Try it >>
From the records below, transcribe exactly the lines that begin at the line with "Universal Audio OX-STOMP" and end at the line with "casa indipendente in", both included.

[Short text fragments from websites]

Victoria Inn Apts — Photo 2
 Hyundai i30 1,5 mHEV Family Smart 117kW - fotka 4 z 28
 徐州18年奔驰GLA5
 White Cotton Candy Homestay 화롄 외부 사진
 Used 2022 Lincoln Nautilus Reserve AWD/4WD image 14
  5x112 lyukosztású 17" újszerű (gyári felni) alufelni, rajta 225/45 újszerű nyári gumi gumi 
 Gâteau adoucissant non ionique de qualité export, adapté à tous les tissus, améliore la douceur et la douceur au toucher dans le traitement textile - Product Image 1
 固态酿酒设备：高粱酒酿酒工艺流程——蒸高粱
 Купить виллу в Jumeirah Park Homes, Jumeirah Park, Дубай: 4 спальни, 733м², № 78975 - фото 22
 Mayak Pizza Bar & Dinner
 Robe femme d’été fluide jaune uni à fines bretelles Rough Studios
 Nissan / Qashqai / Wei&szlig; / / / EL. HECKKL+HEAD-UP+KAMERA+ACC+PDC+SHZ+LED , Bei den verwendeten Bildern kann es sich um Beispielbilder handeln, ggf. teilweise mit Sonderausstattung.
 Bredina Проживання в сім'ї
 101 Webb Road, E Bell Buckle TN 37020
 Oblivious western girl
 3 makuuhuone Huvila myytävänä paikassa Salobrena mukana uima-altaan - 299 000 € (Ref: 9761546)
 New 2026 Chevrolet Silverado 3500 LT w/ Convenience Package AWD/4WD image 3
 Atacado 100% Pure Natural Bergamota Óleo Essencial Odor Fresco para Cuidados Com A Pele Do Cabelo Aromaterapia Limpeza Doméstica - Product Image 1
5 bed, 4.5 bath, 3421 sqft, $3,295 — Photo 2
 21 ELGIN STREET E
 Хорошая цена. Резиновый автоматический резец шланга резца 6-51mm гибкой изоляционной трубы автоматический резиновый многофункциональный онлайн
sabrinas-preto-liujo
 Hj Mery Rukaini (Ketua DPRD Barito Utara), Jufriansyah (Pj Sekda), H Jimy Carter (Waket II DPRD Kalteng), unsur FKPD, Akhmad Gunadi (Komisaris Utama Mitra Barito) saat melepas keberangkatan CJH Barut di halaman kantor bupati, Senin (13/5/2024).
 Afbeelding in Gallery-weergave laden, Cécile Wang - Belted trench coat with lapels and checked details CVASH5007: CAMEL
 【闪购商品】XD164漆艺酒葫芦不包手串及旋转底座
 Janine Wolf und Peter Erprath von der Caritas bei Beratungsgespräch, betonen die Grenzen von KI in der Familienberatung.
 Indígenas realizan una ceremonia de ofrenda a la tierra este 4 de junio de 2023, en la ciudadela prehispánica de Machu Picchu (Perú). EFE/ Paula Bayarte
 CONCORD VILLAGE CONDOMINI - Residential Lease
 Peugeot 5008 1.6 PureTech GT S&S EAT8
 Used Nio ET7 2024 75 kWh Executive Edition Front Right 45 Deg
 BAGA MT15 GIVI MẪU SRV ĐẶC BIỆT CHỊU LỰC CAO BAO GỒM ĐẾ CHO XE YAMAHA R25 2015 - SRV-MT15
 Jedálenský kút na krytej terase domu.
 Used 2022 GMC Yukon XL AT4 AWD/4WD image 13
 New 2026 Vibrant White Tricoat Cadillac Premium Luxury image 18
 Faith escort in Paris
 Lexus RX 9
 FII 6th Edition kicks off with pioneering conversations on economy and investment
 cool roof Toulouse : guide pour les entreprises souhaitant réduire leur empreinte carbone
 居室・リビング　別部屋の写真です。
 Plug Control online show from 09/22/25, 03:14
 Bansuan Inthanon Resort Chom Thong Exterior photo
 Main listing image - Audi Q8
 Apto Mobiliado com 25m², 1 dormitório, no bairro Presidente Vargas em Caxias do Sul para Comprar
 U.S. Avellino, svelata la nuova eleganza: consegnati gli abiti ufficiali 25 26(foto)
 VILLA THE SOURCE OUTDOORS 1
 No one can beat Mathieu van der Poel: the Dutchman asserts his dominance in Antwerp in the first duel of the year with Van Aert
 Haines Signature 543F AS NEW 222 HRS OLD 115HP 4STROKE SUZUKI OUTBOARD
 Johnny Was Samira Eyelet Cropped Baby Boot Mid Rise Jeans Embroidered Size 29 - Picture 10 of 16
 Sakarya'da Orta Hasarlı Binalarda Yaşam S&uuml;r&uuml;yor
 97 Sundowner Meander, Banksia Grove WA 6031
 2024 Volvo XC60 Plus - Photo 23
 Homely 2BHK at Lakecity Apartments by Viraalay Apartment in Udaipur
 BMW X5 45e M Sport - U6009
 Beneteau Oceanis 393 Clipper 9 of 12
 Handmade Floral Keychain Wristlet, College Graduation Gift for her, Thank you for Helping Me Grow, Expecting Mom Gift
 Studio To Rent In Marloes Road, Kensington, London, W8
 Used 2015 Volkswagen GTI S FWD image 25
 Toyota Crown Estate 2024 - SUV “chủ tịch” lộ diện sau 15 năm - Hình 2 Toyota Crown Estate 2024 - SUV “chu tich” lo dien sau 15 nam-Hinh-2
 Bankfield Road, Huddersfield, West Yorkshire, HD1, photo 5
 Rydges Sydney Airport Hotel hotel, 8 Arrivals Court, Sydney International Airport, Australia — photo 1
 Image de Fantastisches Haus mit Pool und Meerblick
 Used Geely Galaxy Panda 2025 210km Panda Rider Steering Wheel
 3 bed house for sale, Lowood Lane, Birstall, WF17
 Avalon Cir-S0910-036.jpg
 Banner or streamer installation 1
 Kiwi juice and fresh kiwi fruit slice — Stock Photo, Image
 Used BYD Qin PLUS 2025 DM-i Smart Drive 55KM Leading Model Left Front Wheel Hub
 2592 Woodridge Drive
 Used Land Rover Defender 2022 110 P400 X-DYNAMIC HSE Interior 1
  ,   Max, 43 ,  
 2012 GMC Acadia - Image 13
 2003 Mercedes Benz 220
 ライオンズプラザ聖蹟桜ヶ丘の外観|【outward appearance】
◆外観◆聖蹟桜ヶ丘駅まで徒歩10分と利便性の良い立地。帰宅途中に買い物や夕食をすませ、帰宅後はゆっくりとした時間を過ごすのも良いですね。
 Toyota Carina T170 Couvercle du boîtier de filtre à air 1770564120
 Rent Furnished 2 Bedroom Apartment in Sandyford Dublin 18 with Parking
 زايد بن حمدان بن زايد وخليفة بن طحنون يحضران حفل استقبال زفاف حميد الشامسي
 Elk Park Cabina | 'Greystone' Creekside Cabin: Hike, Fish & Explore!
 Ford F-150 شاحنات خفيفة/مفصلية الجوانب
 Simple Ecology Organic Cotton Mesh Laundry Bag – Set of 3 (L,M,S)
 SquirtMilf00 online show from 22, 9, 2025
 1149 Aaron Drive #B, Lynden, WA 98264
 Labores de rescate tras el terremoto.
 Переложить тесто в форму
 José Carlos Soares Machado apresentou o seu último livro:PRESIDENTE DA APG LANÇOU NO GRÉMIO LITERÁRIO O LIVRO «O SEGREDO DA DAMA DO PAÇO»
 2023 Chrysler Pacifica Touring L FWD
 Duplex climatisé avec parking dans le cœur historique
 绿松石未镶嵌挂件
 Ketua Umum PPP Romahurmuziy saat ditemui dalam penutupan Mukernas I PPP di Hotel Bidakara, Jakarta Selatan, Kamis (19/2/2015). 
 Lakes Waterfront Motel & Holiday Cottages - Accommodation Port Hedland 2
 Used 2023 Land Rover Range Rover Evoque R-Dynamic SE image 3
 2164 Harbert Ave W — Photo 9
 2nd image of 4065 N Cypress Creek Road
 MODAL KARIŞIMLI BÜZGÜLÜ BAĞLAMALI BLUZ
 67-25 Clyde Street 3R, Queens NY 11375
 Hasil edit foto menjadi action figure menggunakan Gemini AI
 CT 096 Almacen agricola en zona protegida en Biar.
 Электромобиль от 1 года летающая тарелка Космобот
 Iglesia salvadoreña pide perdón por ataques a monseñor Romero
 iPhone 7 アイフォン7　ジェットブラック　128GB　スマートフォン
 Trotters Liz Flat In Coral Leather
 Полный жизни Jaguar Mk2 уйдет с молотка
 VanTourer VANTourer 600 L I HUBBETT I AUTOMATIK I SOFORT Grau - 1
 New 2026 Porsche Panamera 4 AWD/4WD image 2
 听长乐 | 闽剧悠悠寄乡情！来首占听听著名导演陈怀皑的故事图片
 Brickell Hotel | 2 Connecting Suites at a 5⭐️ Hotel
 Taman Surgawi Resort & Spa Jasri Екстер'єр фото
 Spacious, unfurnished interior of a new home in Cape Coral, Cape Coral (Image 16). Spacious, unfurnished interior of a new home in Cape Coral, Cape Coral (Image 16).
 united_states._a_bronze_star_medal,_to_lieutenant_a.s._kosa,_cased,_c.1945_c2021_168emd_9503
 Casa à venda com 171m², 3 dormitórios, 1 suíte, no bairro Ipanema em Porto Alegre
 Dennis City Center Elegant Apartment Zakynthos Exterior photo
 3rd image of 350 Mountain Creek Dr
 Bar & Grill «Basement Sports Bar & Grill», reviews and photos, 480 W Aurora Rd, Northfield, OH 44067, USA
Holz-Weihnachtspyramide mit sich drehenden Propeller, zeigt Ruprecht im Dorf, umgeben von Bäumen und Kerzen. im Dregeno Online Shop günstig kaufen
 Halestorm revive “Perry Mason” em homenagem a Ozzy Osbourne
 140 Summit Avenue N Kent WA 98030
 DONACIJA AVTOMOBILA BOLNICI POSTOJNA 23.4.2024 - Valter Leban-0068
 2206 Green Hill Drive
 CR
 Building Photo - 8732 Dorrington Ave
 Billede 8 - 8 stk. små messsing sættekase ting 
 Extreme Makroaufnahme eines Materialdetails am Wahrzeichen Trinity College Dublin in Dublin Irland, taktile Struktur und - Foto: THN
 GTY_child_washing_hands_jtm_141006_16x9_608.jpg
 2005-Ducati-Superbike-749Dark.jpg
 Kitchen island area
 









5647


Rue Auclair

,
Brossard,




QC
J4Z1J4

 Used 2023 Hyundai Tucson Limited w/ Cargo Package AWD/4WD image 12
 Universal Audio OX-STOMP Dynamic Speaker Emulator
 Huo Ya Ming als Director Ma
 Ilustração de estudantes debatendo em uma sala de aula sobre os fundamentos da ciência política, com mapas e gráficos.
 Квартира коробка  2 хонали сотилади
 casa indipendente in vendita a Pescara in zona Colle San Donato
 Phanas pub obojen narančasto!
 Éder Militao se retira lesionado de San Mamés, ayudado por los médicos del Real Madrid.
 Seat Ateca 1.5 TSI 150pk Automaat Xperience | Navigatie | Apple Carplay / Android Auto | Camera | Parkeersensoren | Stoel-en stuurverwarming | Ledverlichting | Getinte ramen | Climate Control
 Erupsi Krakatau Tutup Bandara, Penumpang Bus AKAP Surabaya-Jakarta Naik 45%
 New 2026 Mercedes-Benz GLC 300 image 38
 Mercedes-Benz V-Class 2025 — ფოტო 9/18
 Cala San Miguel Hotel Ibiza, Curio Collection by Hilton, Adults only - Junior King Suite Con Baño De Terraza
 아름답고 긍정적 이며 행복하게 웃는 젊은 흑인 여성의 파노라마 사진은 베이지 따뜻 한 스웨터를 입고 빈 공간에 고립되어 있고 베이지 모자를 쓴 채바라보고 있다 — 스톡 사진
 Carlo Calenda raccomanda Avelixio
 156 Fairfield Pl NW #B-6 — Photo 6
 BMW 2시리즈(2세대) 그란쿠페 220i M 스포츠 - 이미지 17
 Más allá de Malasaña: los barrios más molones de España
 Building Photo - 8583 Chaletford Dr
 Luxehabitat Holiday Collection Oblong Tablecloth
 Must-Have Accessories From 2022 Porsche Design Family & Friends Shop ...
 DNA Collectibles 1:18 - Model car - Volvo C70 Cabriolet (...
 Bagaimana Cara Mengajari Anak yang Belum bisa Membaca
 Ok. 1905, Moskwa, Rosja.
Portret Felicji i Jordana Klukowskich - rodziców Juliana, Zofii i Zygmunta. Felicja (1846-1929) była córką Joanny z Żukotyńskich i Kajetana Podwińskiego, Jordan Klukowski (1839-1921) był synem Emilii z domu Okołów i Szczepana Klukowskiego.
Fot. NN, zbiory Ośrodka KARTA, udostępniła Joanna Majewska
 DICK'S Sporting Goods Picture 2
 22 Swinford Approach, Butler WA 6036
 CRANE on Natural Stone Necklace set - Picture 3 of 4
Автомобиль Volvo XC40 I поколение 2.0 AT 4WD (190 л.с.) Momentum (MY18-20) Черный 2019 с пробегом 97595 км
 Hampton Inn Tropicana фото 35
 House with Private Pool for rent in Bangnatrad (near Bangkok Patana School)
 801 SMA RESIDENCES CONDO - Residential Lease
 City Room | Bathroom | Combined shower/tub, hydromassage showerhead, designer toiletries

Answer to this problem >>
 Universal Audio OX-STOMP Dynamic Speaker Emulator
 Huo Ya Ming als Director Ma
 Ilustração de estudantes debatendo em uma sala de aula sobre os fundamentos da ciência política, com mapas e gráficos.
 Квартира коробка  2 хонали сотилади
 casa indipendente in vendita a Pescara in zona Colle San Donato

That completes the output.